I've been playing with Clojure for the last few evenings, going through the well known 99 problems (I'm using a set adapted for Scala).
Problem 26
Given a set S and a no. of items K, returns all possible combinations of K items that can be taken from set S.
Here's my solution:
(defn combinations [k s]
(cond
(> k (count s)) nil ;not enough items in sequence to form a valid combination
(= k (count s)) [s] ;only one combination available: all items
(= 1 k) (map vector s) ;every item (on its own) is a valid combination
:else (reduce concat (map-indexed
(fn [i x] (map #(cons x %) (combinations (dec k) (drop (inc i) s))))
s))))
(combinations 3 ['a 'b 'c 'd 'f])
My basic solution is to take each item from the given sequence (map-indexed) and recurse to generate combinations of size K - 1 from the remaining sequence. The termination conditions are described above.
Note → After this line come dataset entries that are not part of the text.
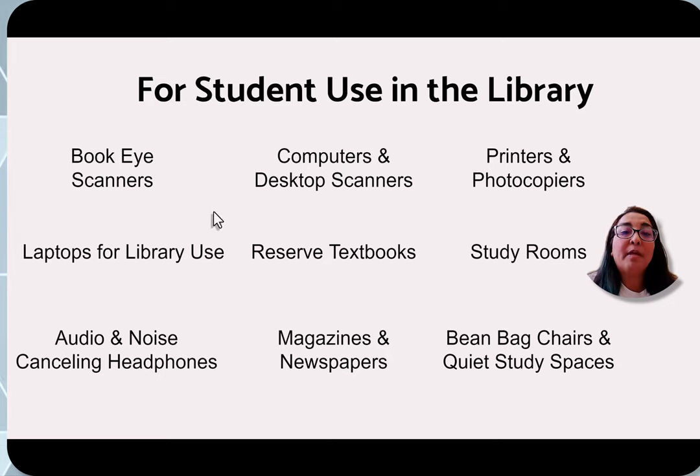We also have laptops that you can check out for library use only — please see someone at the circulation desk for more information. We also have study rooms available, meant for groups of two to six students at a time. You can make a reservation online up to a week in advance. If you need help learning how to make a reservation, please talk to a librarian at the reference desk.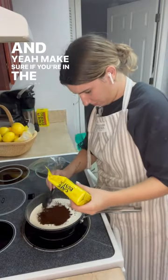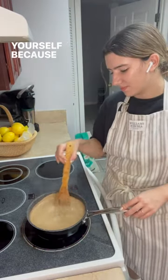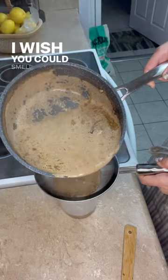And yeah, make sure if you're in the Central Florida area, check out my website and you could buy these scones for yourself because they are delicious. I wish you could smell this espresso cream.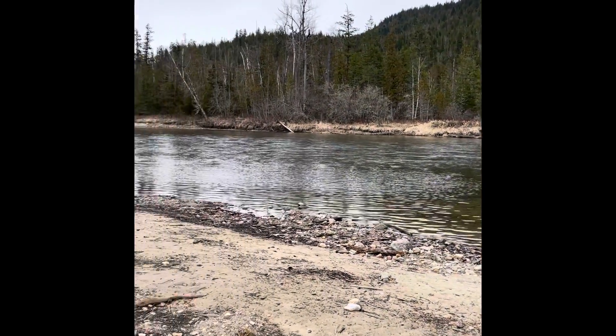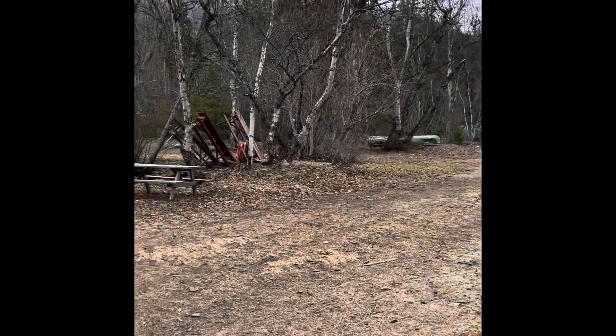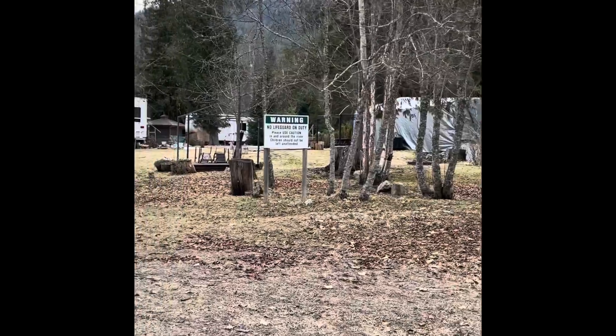Hello everyone, Kate from the Key Team. We are at a listing at Shuswap Falls Resort. We've got two lots actually available: lot two and lot three.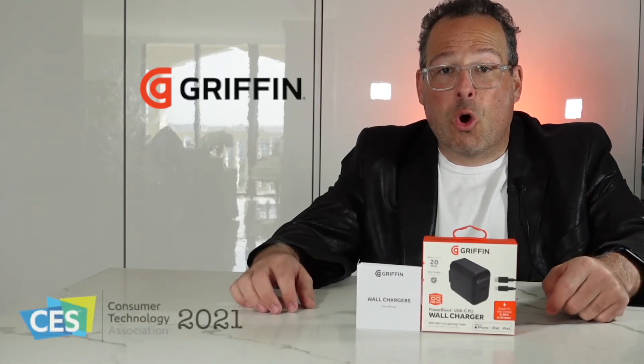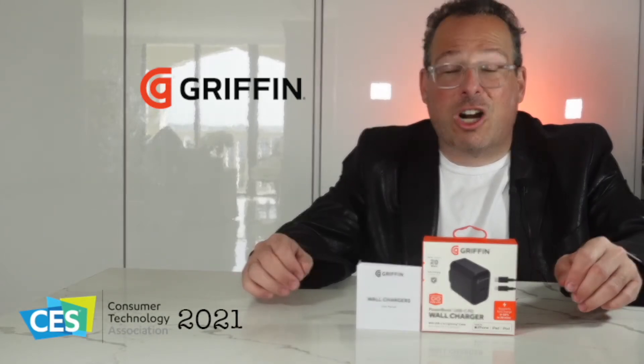This year during CES I found out about this 20 watt power adapter with a lightning to USB-C cable for the iPhone, so you can get super fast charging.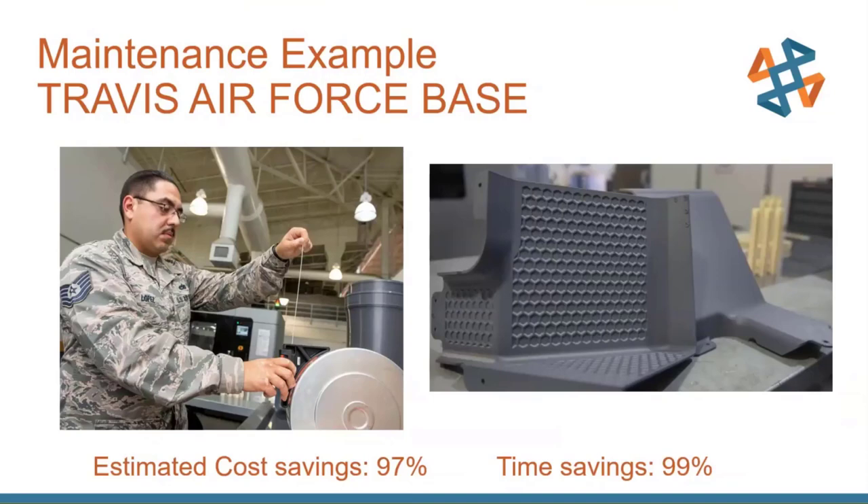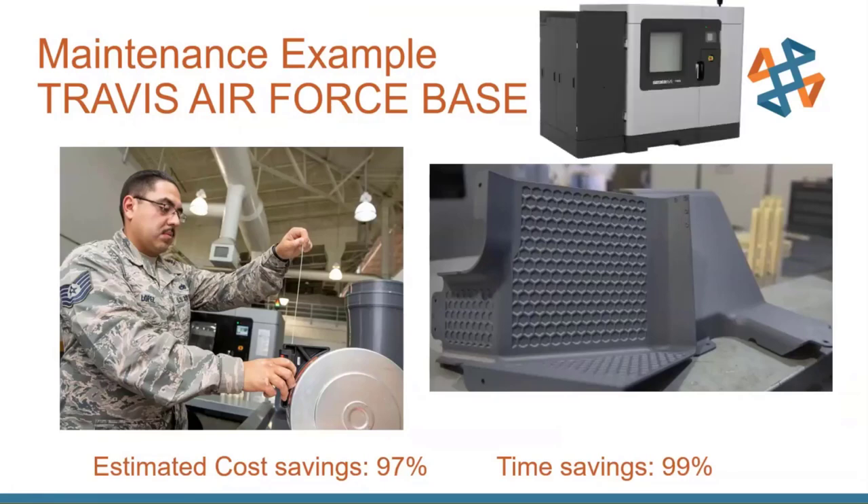This was a very successful program. The Air Force already has a large backlog of items to print, and that list is only going to grow. The articles didn't even take into account that the hexagonal support structure creates a lighter part. Travis Air Force Base used one of the largest FDM printers available — the Stratasys F900 — to create these large parts.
I'm still a complete Clojure newbie and would welcome comments on structure, efficiency, readability, resemblance to idiomatic Clojure, etc. Feel free to be brutal, but please remember I've been doing Clojure for only a few hours :)
I'm less interested in alternative mathematical methods for generating k-combinations, more interested in feedback on whether this is passable Clojure.